Copy all the records exactly, but keep the pictures out of your version.
[Materials provided — start]
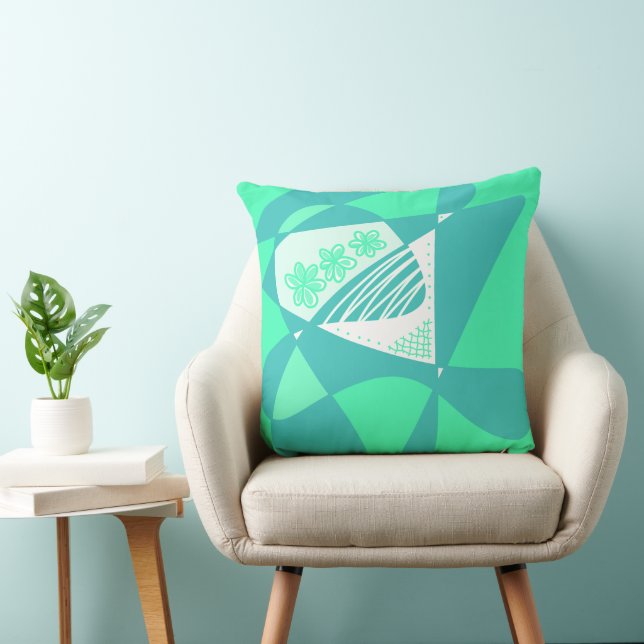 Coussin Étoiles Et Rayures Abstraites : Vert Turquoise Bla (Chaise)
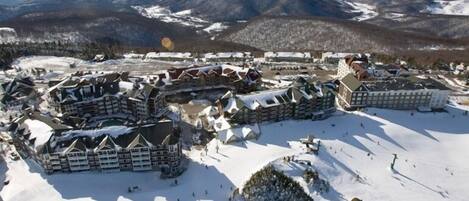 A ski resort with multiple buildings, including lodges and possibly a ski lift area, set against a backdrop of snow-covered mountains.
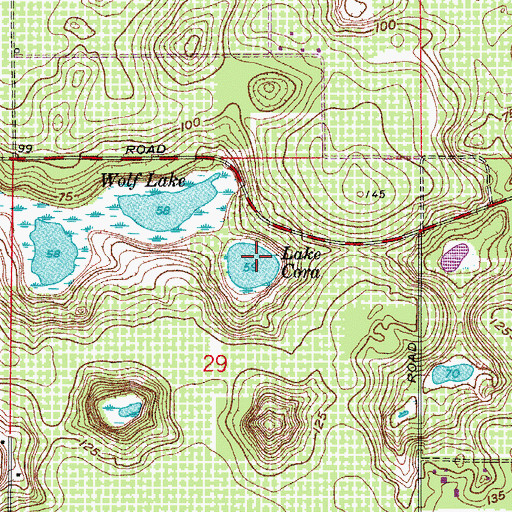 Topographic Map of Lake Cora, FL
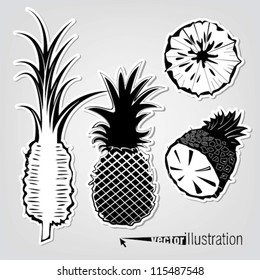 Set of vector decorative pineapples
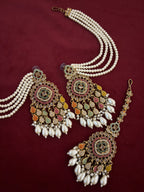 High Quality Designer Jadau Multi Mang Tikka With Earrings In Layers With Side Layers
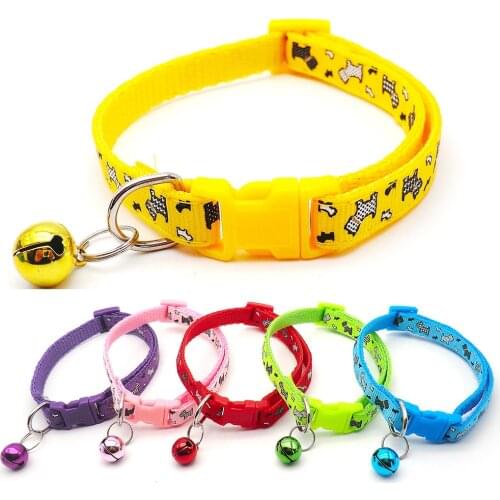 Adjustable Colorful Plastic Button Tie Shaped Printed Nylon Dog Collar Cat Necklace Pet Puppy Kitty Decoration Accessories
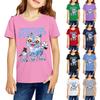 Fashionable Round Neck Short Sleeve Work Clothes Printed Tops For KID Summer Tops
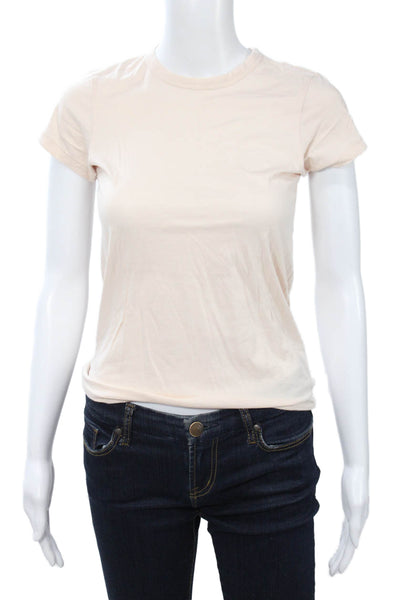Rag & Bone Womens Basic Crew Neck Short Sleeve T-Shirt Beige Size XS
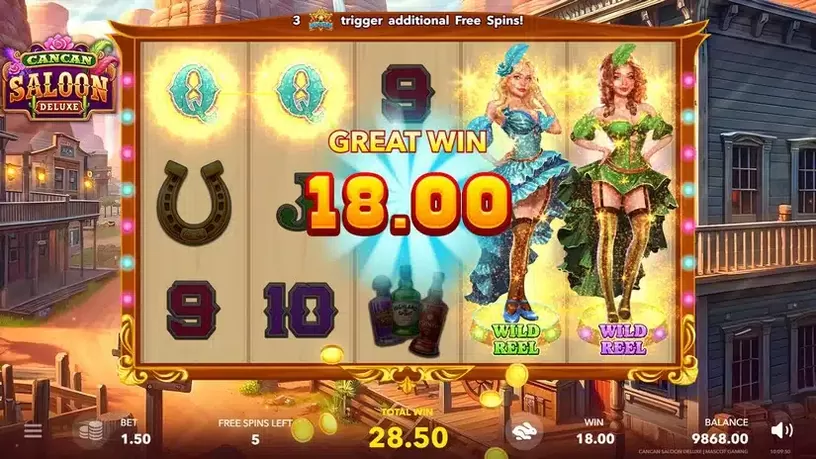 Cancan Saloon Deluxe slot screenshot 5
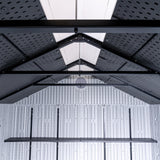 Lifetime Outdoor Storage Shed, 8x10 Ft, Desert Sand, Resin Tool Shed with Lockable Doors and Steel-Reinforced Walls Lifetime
[Materials provided — finish]
* Response to this task *
 Coussin Étoiles Et Rayures Abstraites : Vert Turquoise Bla (Chaise)
 A ski resort with multiple buildings, including lodges and possibly a ski lift area, set against a backdrop of snow-covered mountains.
 Topographic Map of Lake Cora, FL
 Set of vector decorative pineapples
 High Quality Designer Jadau Multi Mang Tikka With Earrings In Layers With Side Layers
 Adjustable Colorful Plastic Button Tie Shaped Printed Nylon Dog Collar Cat Necklace Pet Puppy Kitty Decoration Accessories
 Fashionable Round Neck Short Sleeve Work Clothes Printed Tops For KID Summer Tops
Rag & Bone Womens Basic Crew Neck Short Sleeve T-Shirt Beige Size XS
 Cancan Saloon Deluxe slot screenshot 5
 Lifetime Outdoor Storage Shed, 8x10 Ft, Desert Sand, Resin Tool Shed with Lockable Doors and Steel-Reinforced Walls Lifetime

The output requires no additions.